Dr. Glen Bowman Dives into Second Book on Area African American Education History

ECSU history professor, Dr. Glen Bowman, talks about his last book, a detailed history of the university since it’s founding in 1891, during a lecture. Bowman is currently working on his second book, further detailing the history of education in the African American community.
There’s not a lot about Elizabeth City State University history that Dr. Glen Bowman doesn’t know, and although his first book about the subject, “The Continuity of a Historical Legacy of Excellence and Resilience,” unearthed a great deal of ECSU’s storied past, there’s much more to say.
“I am writing a book on the history of secondary education for African Americans in Pasquotank County from the end of the Civil War to the opening of Northeastern High School in the fall of 1969,” said Bowman, an ECSU professor of history.
Bowman says that in many ways, his new book is a prequel to his last examination of the history of African American education in the region. He says that his last book was commissioned by former ECSU Chancellor Willie Gilchrist and had to be kept at 60,000 words, forcing him to choose carefully what stories he told in that publication.
Now, he says, he can explore much more of the rich history from this region.

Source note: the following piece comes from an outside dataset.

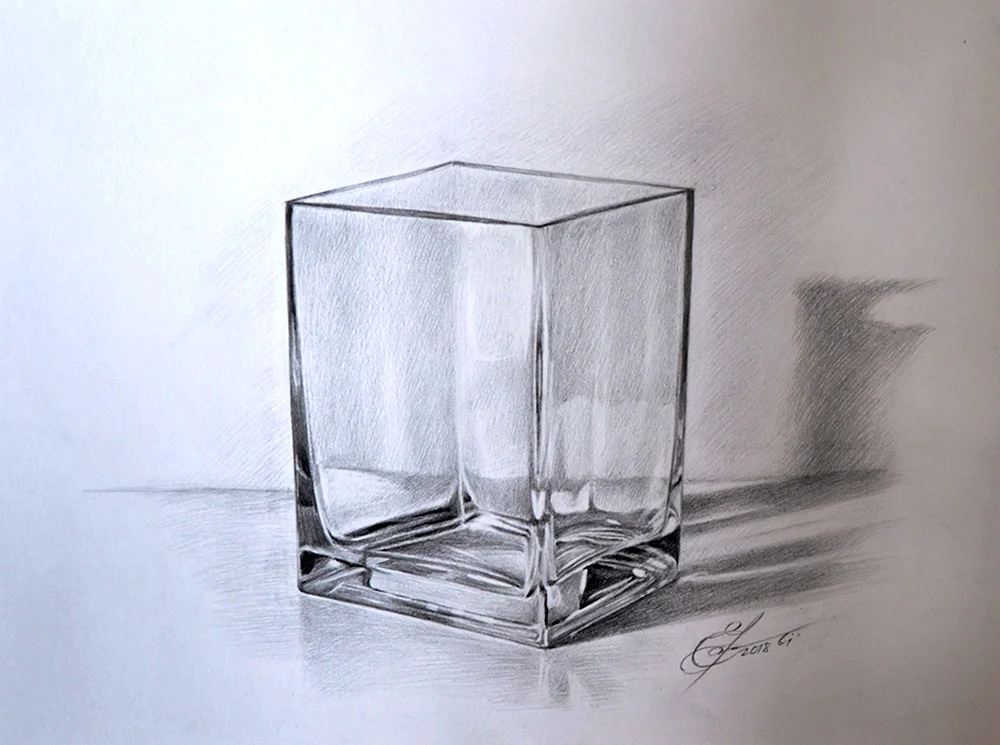 Стеклянный стакан карандашом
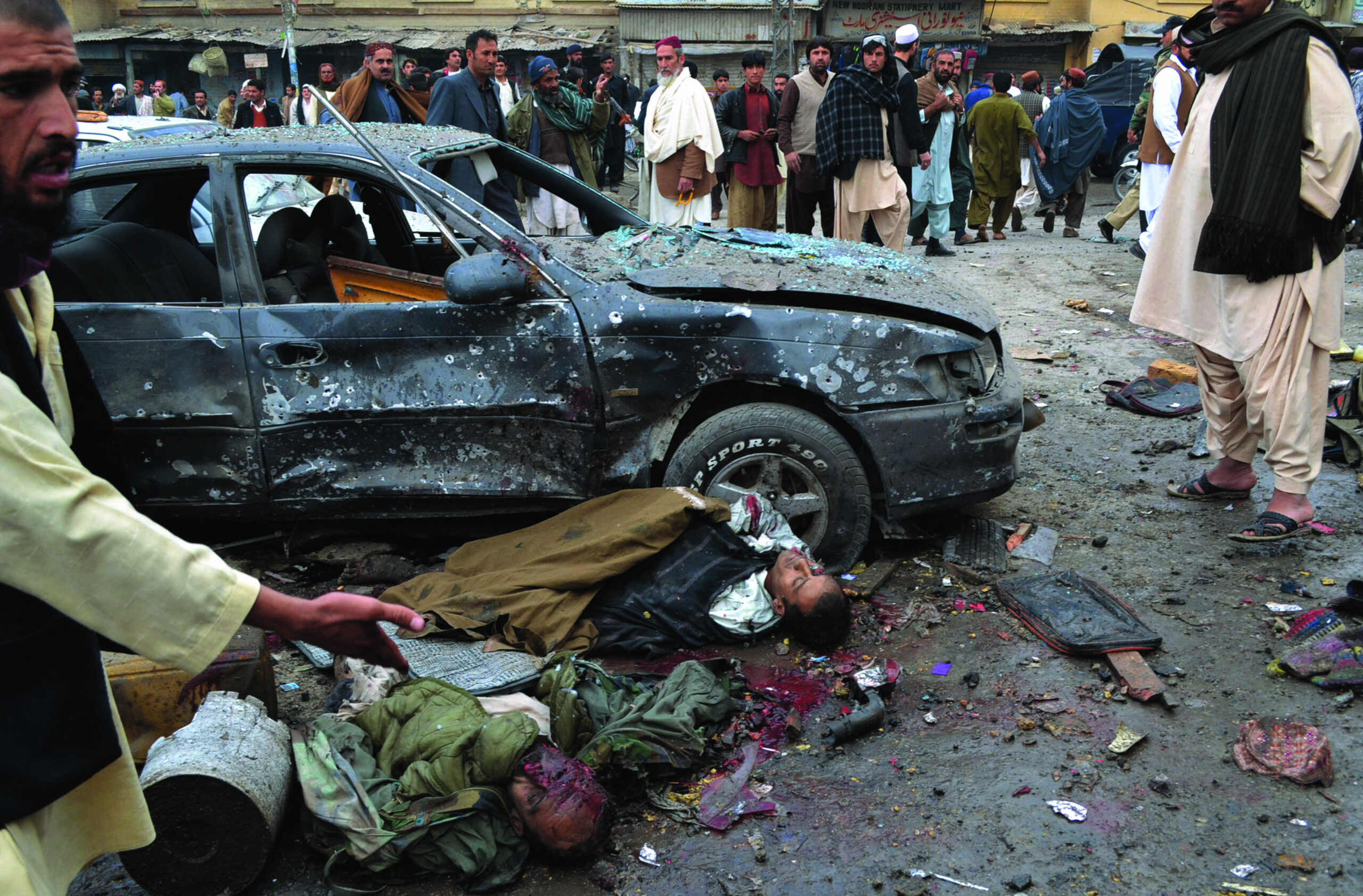 Bombings kill 115 people in Pakistan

“I had close to half a million words of research text, but only a 60,000 word limit,” he said. “My new book will help me be able to give the full story.”

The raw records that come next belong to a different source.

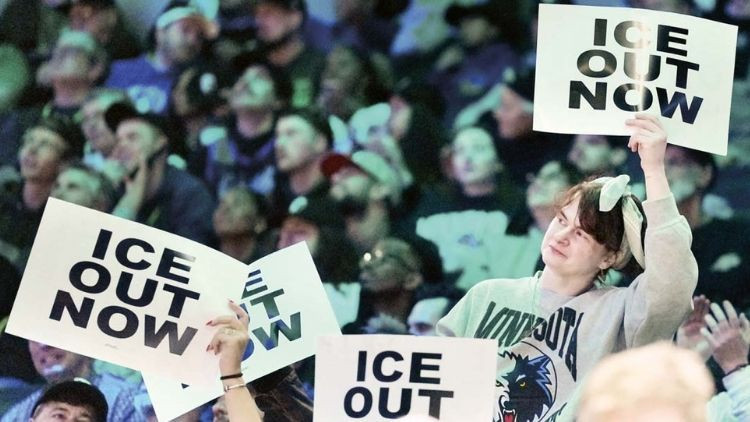 ICE komutanını görevden alıyor… Trump 48 saatte çark etti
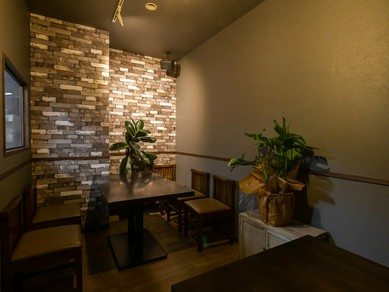 隣席を気にせず過ごせるプライベートルーム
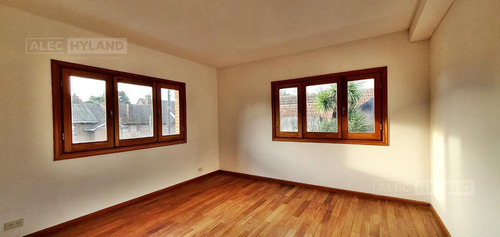 Imagen 23 de 30 de Casa 8 Ambientes En Venta En San Isidro, Acassuso, Vias/libert.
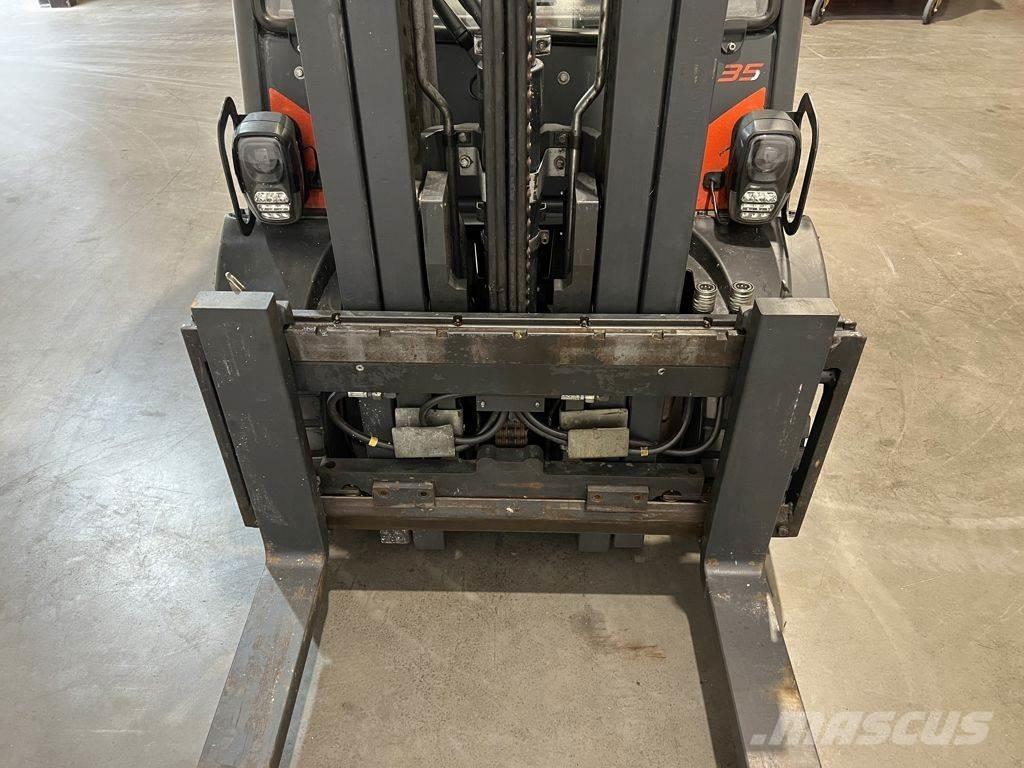 Linde H35D-02 Dieselstapler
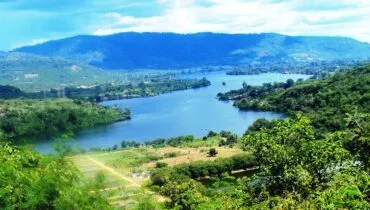 Volta_lake_from_the_Saint_Barbara_Church
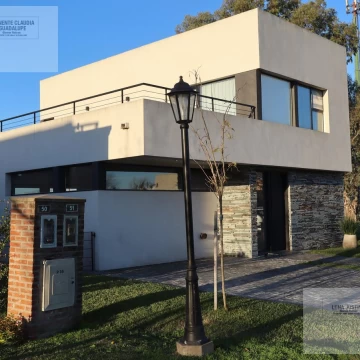 Casa en venta de 3 dorm con pileta en Santa Emilia Pilar del Este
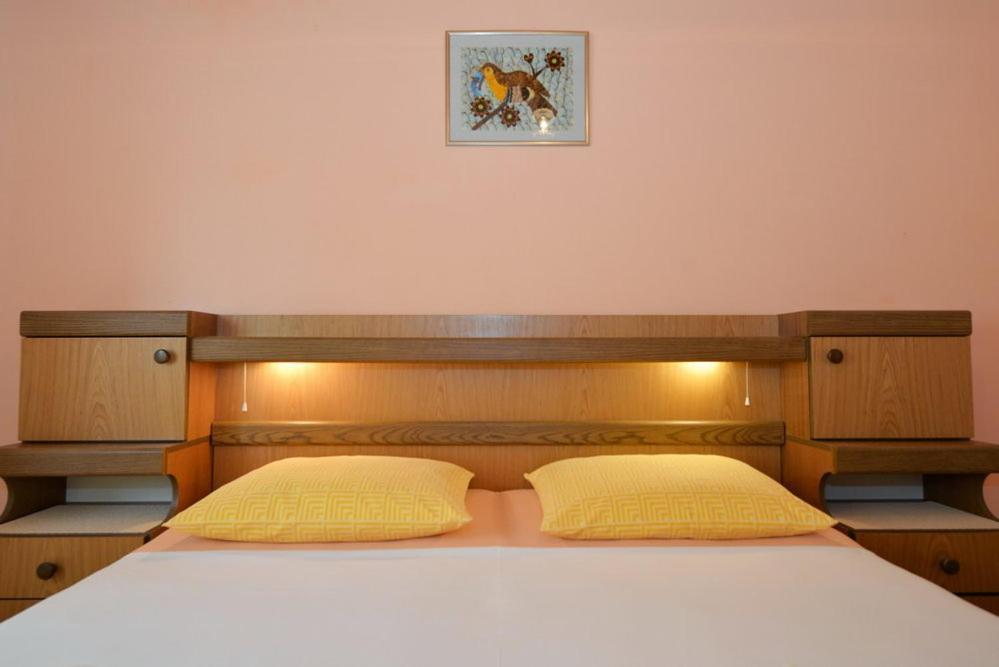 Apartments Viola Betina (Sibenik-Knin) Quarto foto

Bowman says his current book will not cover ECSU as a university, or a teacher’s college, but rather as a high school. He explains that when ECSU was first created, it was a State Normal School, which not only trained future teachers, but also served as a high school for African Americans in the region.

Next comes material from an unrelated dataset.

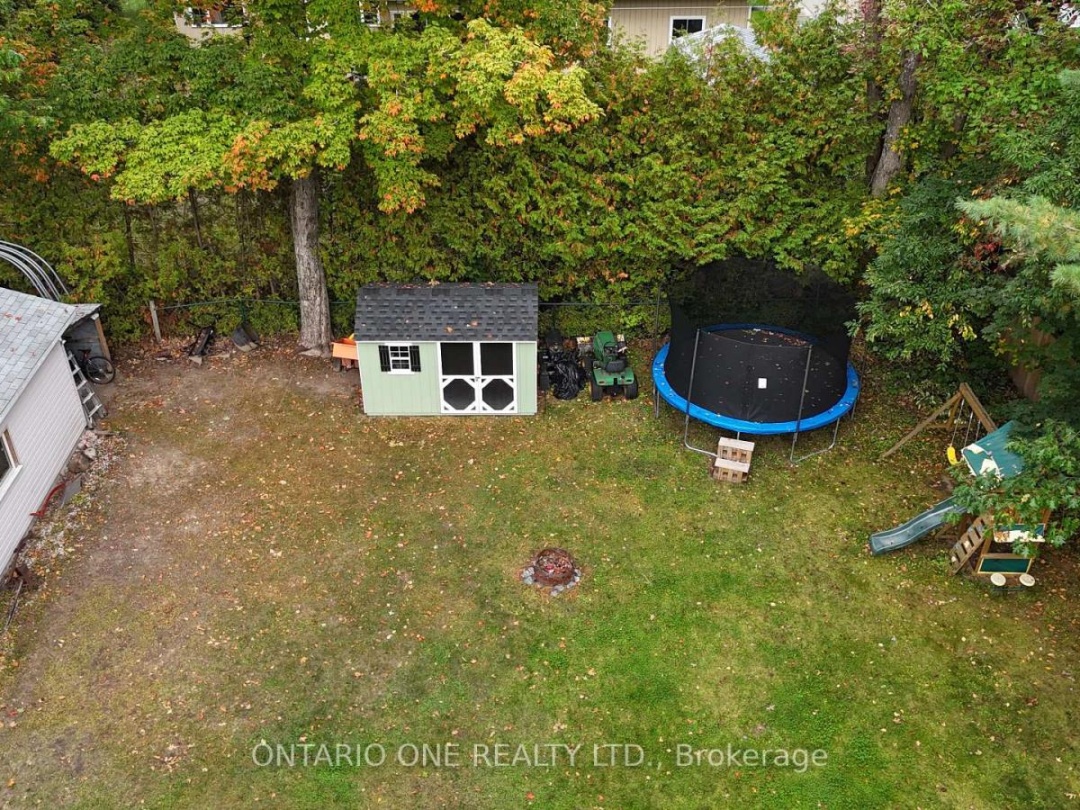 550 MUSKOKA BEACH ROAD, 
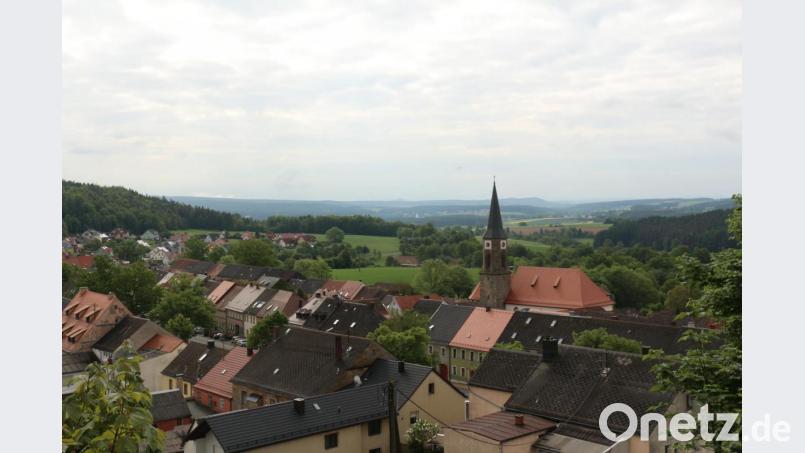 Die Dreieinigkeitskirche vom Kleinen Kulm aus fotografiert. Sie &quot;wacht&quot; quasi über Häuser und Bürger. Bild: rpp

“Until the opening of what later became P.W. Moore High School in 1923, the only way an African American student could get a public high school education was at what was called the Elizabeth City State Colored Normal School, the first name of what became known in 1969 as ECSU,” said Bowman.
Although the Normal School was founded in 1891, it wasn’t until 1905 that it opened its high school department.
“It did not offer college-level courses until 1921, 30 years into its existence,” said Bowman.
The Normal School high school department would operate until 1931, when the Paul Dunbar High School – to be named P.W. Moore one year after it opened its doors – began operating in Elizabeth City.
Bowman says having a word limit on his last book forced him to leave so much out, and he had been hoping to find a home for all of this research he had conducted over the years. While he had published a weekly column in the local daily newspaper, highlighting much of this history, a book, he said, has been in the works since 2015.
“When I am able to do so, I make trips to the State Archives of North Carolina, and I am always surprised with what I end up finding,” he said. “It is exciting to find things that one does not expect to find.”
Things, he said, like a folder filled with letters of support for Elizabeth City State Normal School that was dated as far back as 1901. The letters, he said, were from area white residents who wanted the school to remain in Elizabeth City.
Bowman says he currently does not have a publisher for the manuscript. He says he plans to have a completed manuscript by the end of 2019. But even that deadline, he said, is dependent upon the quality of work he produces.
“I care most of all about writing a quality piece of work and I’m not going to force myself to meet an arbitrary deadline,” he said.
Bowman says in the end, once there is a finished manuscript, he does hope to find a publisher. But he is, he says, willing to publish the book himself, if that’s what it takes to get this history to the public.
“And I will donate all of the proceeds to the Flora Brown History Scholarship Fund at ECSU,” said Bowman. “I want this book to be affordable and accessible.”